The adoption of cross-dressing by male characters in Italian comedy films of the 1910s has previously received little critical attention. Far from being isolated representations of queer behaviour, cross-dressing was more prolific both on-screen (and off) than was previously thought.  

Within the early comedy canon lie the male-female cross-dressing films where the narrative is suspended to allow the audience to gaze upon the cross-dressed character. These films offer audiences a trans-perspective as their gaze is directed by the cross-dressed character to the transgendered body. The queerness of these films lies not only is the visibility of the queer characters but also in the productivity of the queerness. The film itself becomes queer as the narrative economy is replaced by a luxuriating of the queer body. 

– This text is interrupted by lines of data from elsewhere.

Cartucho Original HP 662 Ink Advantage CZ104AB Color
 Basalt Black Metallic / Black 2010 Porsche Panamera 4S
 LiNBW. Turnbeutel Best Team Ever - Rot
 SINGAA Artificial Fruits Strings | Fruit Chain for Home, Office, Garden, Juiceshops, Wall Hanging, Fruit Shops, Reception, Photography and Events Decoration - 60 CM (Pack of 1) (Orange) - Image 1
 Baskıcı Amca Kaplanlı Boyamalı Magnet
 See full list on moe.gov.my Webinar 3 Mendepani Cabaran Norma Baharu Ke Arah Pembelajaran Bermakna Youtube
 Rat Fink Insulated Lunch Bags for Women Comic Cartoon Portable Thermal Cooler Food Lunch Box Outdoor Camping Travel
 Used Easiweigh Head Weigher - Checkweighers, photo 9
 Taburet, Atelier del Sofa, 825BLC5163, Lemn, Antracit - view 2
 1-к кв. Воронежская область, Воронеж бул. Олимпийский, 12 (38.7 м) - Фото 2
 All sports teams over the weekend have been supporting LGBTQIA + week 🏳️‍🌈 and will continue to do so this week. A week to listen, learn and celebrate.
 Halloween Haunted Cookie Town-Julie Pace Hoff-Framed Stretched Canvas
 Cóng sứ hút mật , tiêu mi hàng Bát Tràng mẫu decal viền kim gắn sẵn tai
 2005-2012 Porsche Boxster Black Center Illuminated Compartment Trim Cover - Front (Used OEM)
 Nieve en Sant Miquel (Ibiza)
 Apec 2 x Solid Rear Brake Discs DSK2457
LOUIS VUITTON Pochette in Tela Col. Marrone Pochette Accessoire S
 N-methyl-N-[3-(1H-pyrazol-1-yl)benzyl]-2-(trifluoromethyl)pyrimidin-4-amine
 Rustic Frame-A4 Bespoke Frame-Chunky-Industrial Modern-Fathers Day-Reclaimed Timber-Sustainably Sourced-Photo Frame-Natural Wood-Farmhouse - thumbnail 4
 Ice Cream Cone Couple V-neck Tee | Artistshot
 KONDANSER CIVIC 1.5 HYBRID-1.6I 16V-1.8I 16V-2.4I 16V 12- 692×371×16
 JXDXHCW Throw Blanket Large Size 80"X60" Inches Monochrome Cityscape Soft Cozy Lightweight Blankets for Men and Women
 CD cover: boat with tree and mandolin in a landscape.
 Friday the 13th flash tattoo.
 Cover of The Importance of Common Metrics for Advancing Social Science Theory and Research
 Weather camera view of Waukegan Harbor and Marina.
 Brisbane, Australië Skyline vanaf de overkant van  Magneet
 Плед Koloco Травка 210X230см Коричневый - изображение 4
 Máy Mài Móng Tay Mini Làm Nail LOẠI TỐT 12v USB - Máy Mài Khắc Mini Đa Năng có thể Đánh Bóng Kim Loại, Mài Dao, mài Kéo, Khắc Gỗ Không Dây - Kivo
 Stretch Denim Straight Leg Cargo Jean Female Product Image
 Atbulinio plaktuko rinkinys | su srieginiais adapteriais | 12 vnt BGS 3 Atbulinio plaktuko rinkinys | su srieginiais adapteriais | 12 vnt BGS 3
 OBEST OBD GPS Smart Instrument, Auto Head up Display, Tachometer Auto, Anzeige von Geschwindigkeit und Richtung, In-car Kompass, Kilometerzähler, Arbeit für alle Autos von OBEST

For the spectator a conflict occurs as the cross-dressed character’s visibility, through the materialisation of the body, disrupts the perception of a trans-corpo-reality. Exposure of the cross-dressed character ruptures the heteronormative construction of the cinematic space. In the early Italian comedy films, knowledge of the cross-dressing comic star is the visibility that threatens the transgender character. The queerness of the cross-dressed character in Italian comedy films opens up temporalities and suggests the possibility of different modes of living, and of reading film texts. This paper argues that the popularisation of the cross-dressed male served as a transgressive force that provided an articulation of social tolerance in Italy at a time when gender roles were undergoing renegotiation.